Im NSU-Komplex verdichten sich auf vielfältige Art und Weise der unzureichende Umgang der Gesellschaft mit rechter Gewalt und rechtsterroristischen Strukturen. Um diesen Umgang zu verändern, braucht es einen Ort, an dem Erkenntnisse und Erfahrungen gesammelt, aufbereitet, vermittelt und diskutiert werden. Es braucht einen Ort des „lebendigen Erinnerns“, der Platz für die Betroffenen rechtsmotivierter Gewalt und ihre Perspektiven schafft. Aufgabe des Dokumentationszentrums ist es, der Gesellschaft zu helfen, diskriminierende Praxen dauerhaft zu verlernen. Es ist ein Ort, der noch zu schaffen ist.

Ülkü Süngün ist bildende Künstlerin und Art Aktivistin. Mit Fotografie, Installationen, Video und Performances setzt sie sich kritisch mit Migrations- und Identitätspolitiken sowie Erinnerung auseinander. Mit ihrem Langzeitprojekt Institut für Künstlerische Migrationsforschung ist sie zur Zeit Atelierstipendiatin im Künstlerhaus Stuttgart. Im zeitraumexit in Mannheim realisierte sie 2019 ihr künstlerisches Forschungsprojekt Gemeingut Jungbusch zu den Funktionen von Migration und Kultureinrichtungen im Kontext der Gentrifizierung.

Im Zentrum der Performance TAKDIR. DIE ANERKENNUNG von Ülkü Süngün steht die richtige Aussprache der Namen der zehn Opfer des NSU – die Basis für eine angemessene Anerkennung der Opfer. In einem partizipativen Rahmen bringt die Künstlerin interessierten Teilnehmenden im direkten Gespräch die korrekte Aussprache der Namen bei. Die Performance findet zu ausgewählten Terminen statt. Während der Dauer der Ausstellung lässt sich die Performance und Aussprache über einen Film nachvollziehen.

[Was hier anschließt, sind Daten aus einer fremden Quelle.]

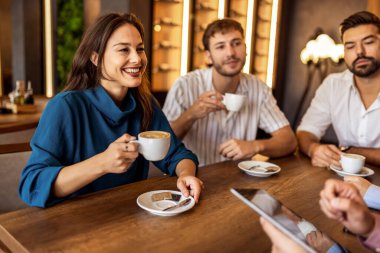 Bir grup genç arkadaş modern kafede eğleniyor, sohbet ediyor ve sosyal ortamlarda rahatlıyorlar..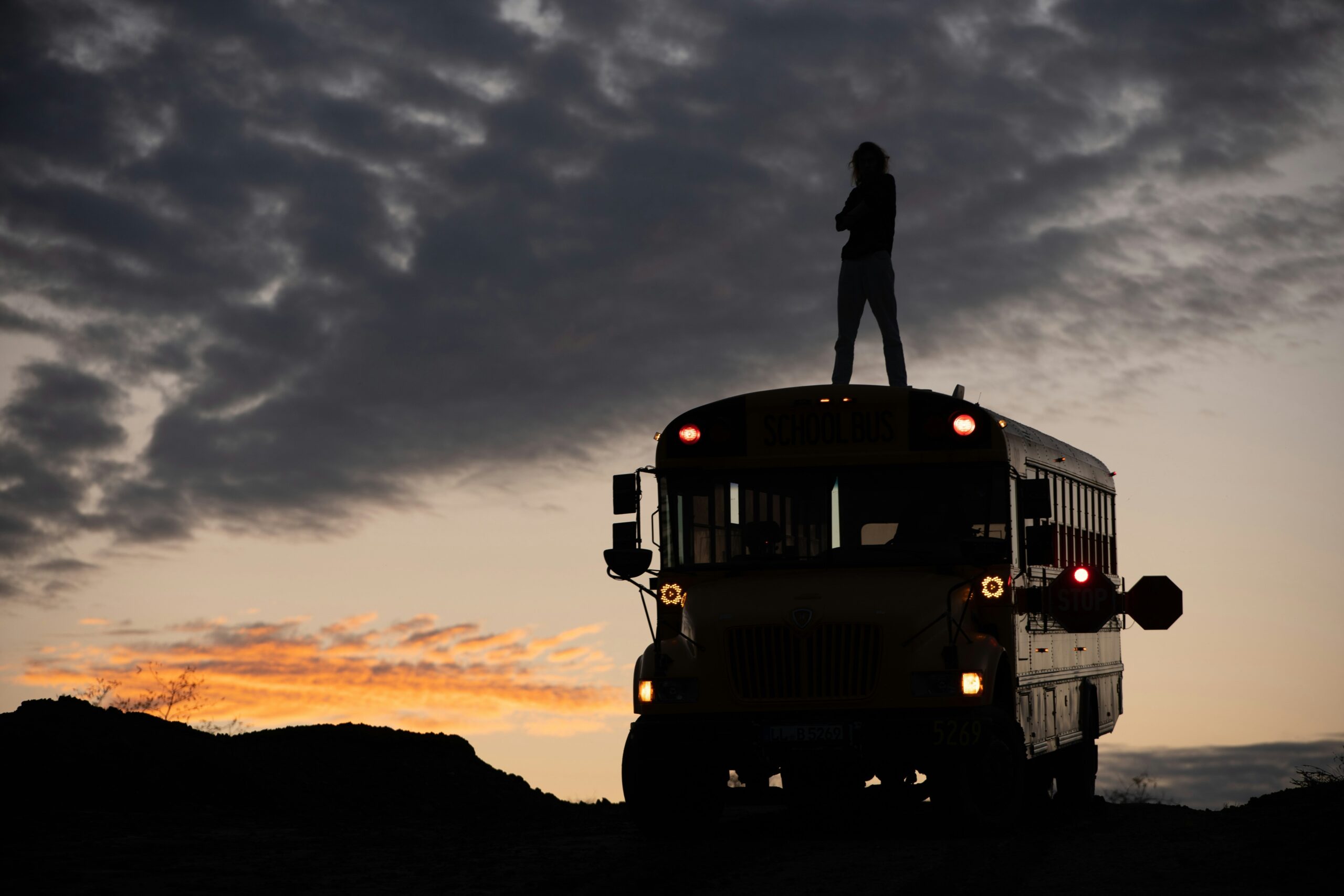 Photo collage of happy travelers enjoying a sunset stop during a luxury bus tour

Schilder wollen bei Protesten eine andere Wirklichkeit erstreiten und haben eine eigene, performativ handelnde Rolle. So auch in der Ausstellung. Die Protestschilder verbinden und transportieren Wissen, Analysen und kollektive Forderungen aus Trauerdemonstrationen nach rechtsterroristischen Taten der letzten Jahrzehnte. Die Sammlung zeigt Kontinuitäten und Wandlungen des Kampfes gegen die rassistische Spaltung. Die Protestschilder fordern etwas ein, mahnen an und gehen solidarische Verbindungen ein. Gleichzeitig machen sie auf Missstände aufmerksam.